Complete step-by-step solution:
Given that, ${{6}^{3}}$.
The above given value is in exponential form with base $6$ and power $3$.
Considering the base of the given value which is $6$. Factorising the base value $6$.
When we divide the value $6$ with $2$ then we will get $3$ as remainder. So, we can write the digit $6$ as $6=2\times 3$.

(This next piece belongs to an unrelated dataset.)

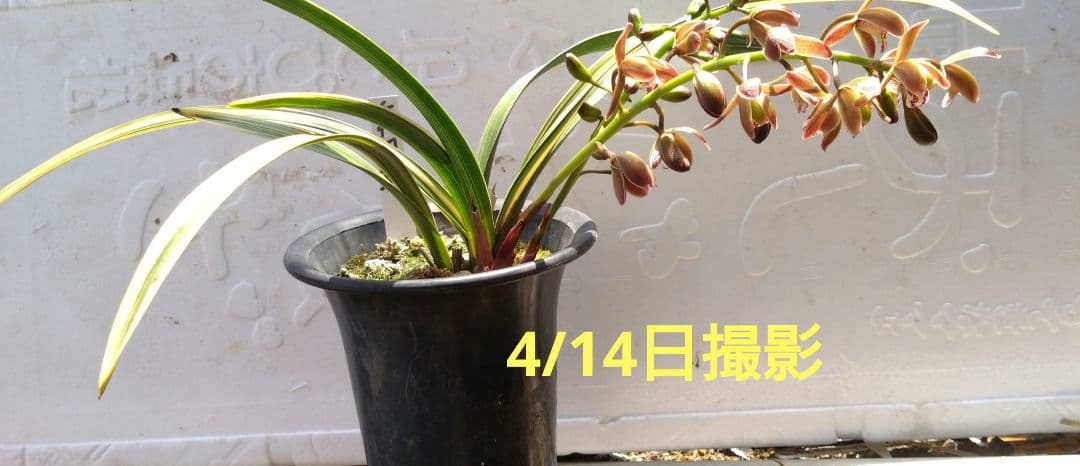 金稜辺 　キンリョウヘン　 斑入　千代田錦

Powering the above equation with $3$ on both sides, then we will get
$\Rightarrow {{6}^{3}}={{\left( 2\times 3 \right)}^{3}}$
Using the exponential formula ${{\left( a\times b \right)}^{m}}={{a}^{m}}\times {{b}^{m}}$ in the above equation, then we will get
$\Rightarrow {{6}^{3}}={{2}^{3}}\times {{3}^{3}}$
From the above equation we can say that to find the required value we need to calculate the values of ${{2}^{3}}$ and ${{3}^{3}}$.
We know that the values ${{2}^{3}}=8$, ${{3}^{3}}=27$. Substituting these values in the above equation, then we will get
$\begin{align}
  & \Rightarrow {{6}^{3}}=8\times 27 \\
 & \Rightarrow {{6}^{3}}=216 \\
\end{align}$
Hence the value of the ${{6}^{3}}$ is $216$.

Note: We can also directly find the value of the given number. We can use the exponential formula ${{a}^{n}}=a\times a\times a\times a\times a\times ......\text{ n times}$. From this formula we can write ${{6}^{3}}$ as
$\Rightarrow {{6}^{3}}=6\times 6\times 6$
Multiplying the above values, we will get
$\Rightarrow {{6}^{3}}=216$
From both the methods we got the same result.